The generation of a tailored VALID checklist based on an individual study’s needs can be done on the website of the tool (http://www.validchecklist.com/). As a result of its adaptiveness, the tool does not merely provide a single form but, rather, allows generation of 331 distinct versions of the VALID checklist, purposefully tailored to assist researchers according to their individual study’s requirements. The creation of a checklist consists of three short steps; first, users provide information on their project, then make a choice on which project stages to include, and finally, download the checklist in PDF format.

For a detailed overview of all 331 possible combinations of research stages and project characteristics, see Appendix F in the Supplemental Material. Figure 7 demonstrates the process of generating a custom VALID checklist.

Fig. 7.

VALID checklist steps.

At the top of the checklist, users can also provide additional information, such as the date and the name of their project, to help them organize their work. To help users keep track of the choices made during the generation of the checklist, the choices are always included at the top of the VALID checklist as well.

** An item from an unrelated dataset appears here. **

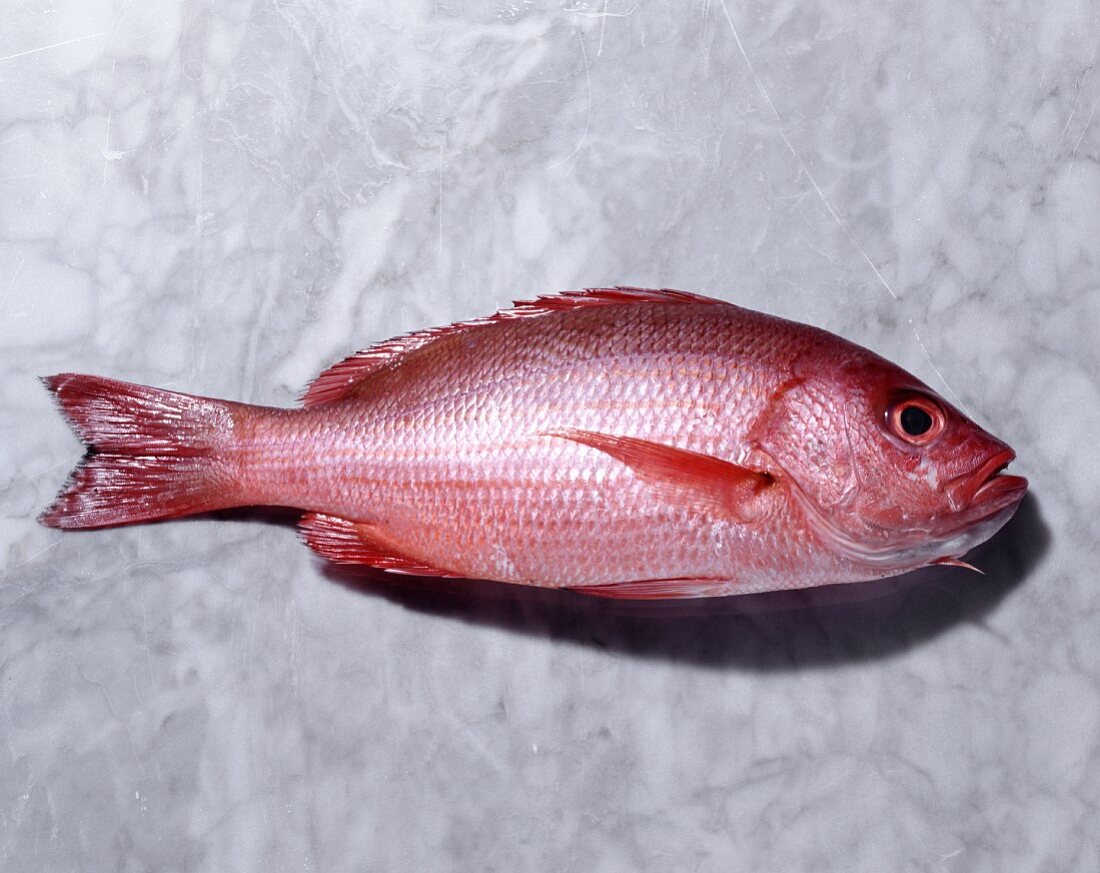 Whole Red Snapper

The source code for the VALID checklist tool is openly accessible to the public. Interested users can find the code repository on GitHub (https://github.com/susik98/VALID-Checklist), where they can review, contribute to, and collaborate on the tool’s development.

Discussion

In this study, we developed a comprehensive checklist that aims to assist researchers in enhancing and monitoring the validity of their own research in all its stages. With the collaboration of more than 30 experts in psychological science and related fields, a collection of 91 items was created, the VALID checklist. One notable feature of the VALID checklist is its adaptability and applicability to a wide range of research projects. Additional items can be added to the base version of the checklist depending on the researcher’s specific needs. Personalization occurs through two successive steps using checkboxes in the online tool, where the user indicates the relevant research stages and provides additional information on the project.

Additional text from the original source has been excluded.